Heureusement qu'il y a ce nouveau héros torturé autant que tortureur (est-ce que c’est un mot ? Mon correcteur ne souligne rien…. alors je le laisse, je ne vais pas chercher)!
Les ‘points faibles’
Et bien, ce sont quasiment les mêmes que dans … oui, vous l’avez deviné, « les mystères de Druon de Brévaux » :
- Une intrigue trop légère
J’aurais aimé une enquête un peu mieux ficelée, c’est certain. Je classe ce roman avec réticence dans les « polars historiques », puisque l’intrigue, si elle y est, est presque secondaire. Pourtant, il y avait de quoi la travailler un peu plus.
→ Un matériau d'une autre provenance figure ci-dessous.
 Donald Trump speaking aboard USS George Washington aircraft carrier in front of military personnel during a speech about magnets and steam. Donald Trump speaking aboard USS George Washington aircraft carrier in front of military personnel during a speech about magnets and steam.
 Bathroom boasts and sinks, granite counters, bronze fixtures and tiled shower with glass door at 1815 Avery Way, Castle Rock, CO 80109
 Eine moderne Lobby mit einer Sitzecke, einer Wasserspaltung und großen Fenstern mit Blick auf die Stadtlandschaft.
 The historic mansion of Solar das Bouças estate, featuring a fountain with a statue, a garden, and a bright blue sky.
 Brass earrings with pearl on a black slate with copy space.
- Une présence politique trop présente – ou alors une intrigue mal structurée
Franchement, le côté « Nogaret-en-coulisses » était de trop. Juste avec l’histoire du bourreau et ses enquêtes le roman aurait pu être tout simplement excellent.
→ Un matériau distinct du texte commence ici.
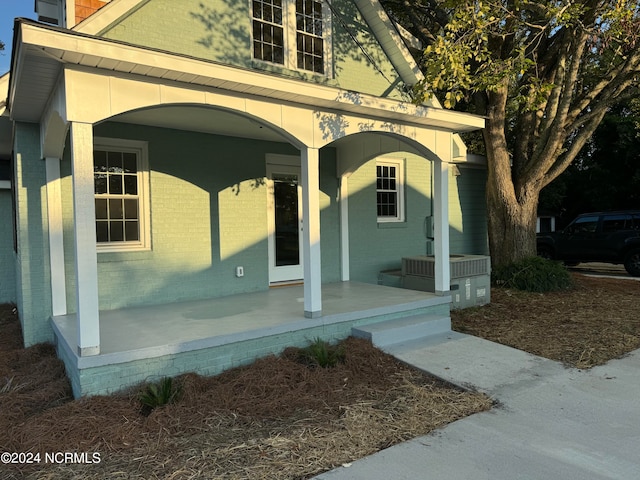 view of exterior entry featuring a porch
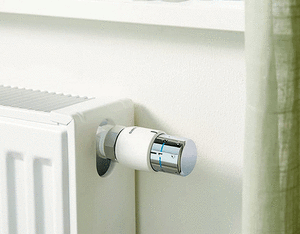 Термоголовка колір білий-хром для радіатора Oventrop Uni SH 1012065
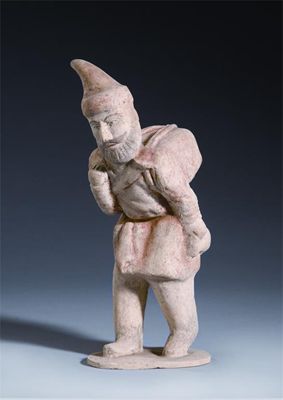 Appraisal: A Chinese unglazed pottery model of a foreigner carrying a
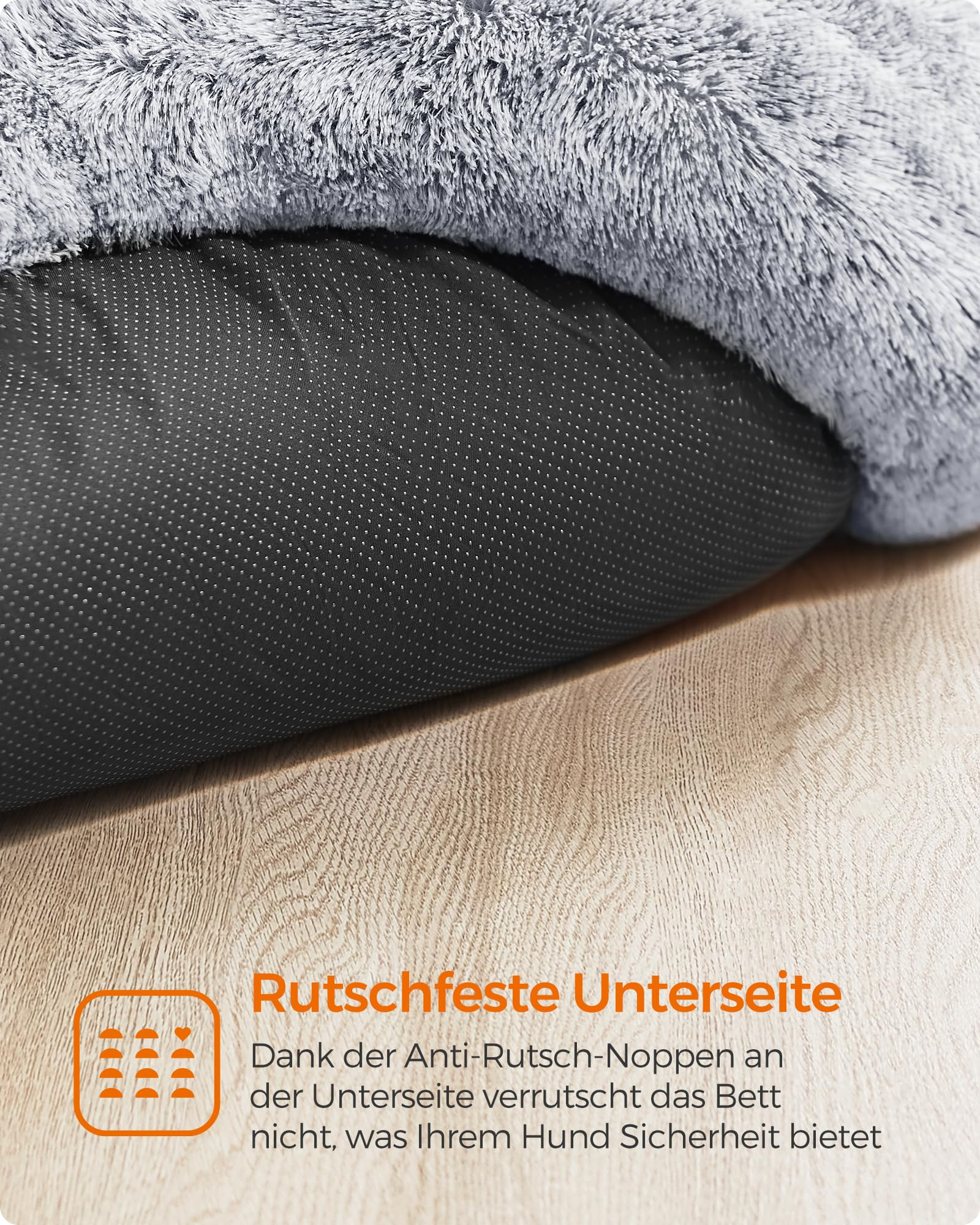 Gros plan sur le dessous d'un lit pour animaux pelucheux avec des points antidérapants sur un sol en bois.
En même temps, la présence de personnages historiques « réels »aux côtés des caractères fictifsest presque indispensable autant que les évènements historiques réels qui placent l'histoire dans le temps.
C’est probablement juste la construction même qui ne me convenait pas, le lien entre les affaires était trop tiré par les cheveux. Il y a un peu de travail technique sur l’intrigue qui fait défaut.
Les points forts :
- Le style
J’apprécie le style de l’auteur, qui a l’habitude de se servir d’un langage ancien et de nous apprendre plus sur l’histoire des mots, des expressions, des détails de langage.
Cela me donne l’impression de m’instruire, même si ce sont souvent les mêmes références qui reviennent. C’est un peu particulier, on aime ou on n’aime pas.
- Le héros
Le caractère de Hardouin cadet-Venelle, le bourreau, me plaît, c’est clair.
J’ai beaucoup apprécié ce nouveau héros, déchiré entre son métier et sa conscience qui se réveille un beau matin, qui tente de faire justice alors que son métier est d’exécuter sans poser de questions, cet homme qui n’hésite pas à employer la violence pour arriver à son but, alors que parfois il va vraiment trop loin … pour une raison inexplicable on lui pardonne l’oreille coupée lors d’une interrogatoire. Peut-être parce que juste après il sauve un petit chien ?
Il est beau, séduisant, et pourtant il ne peut espérer charmer aucune femme de par son statut social.
Il est méprisé alors qu’il est très fortuné.
La mort le suit, c'est sa nature, pour lui, la pitié peut être d’étrangler à main nues.
Et là, il est amoureux d’une femme qu’il a exécutée lui-même !
Le ‘tortureur torturé’ semble effectivement convenir …
Ma difficulté:
Si j’avais lu ce roman avant la trilogie de l’auteur, j’aurais certainement donné une meilleure note. La, la similarité m’en empêche malheureusement.
Mais je vous rassure : il n’y a strictement aucun lien entre la trilogie et ce roman, aucun, ce sont des histoires totalement indépendantes.
Bref - c’est un très bon « Japp », que je conseille à tous les fans !!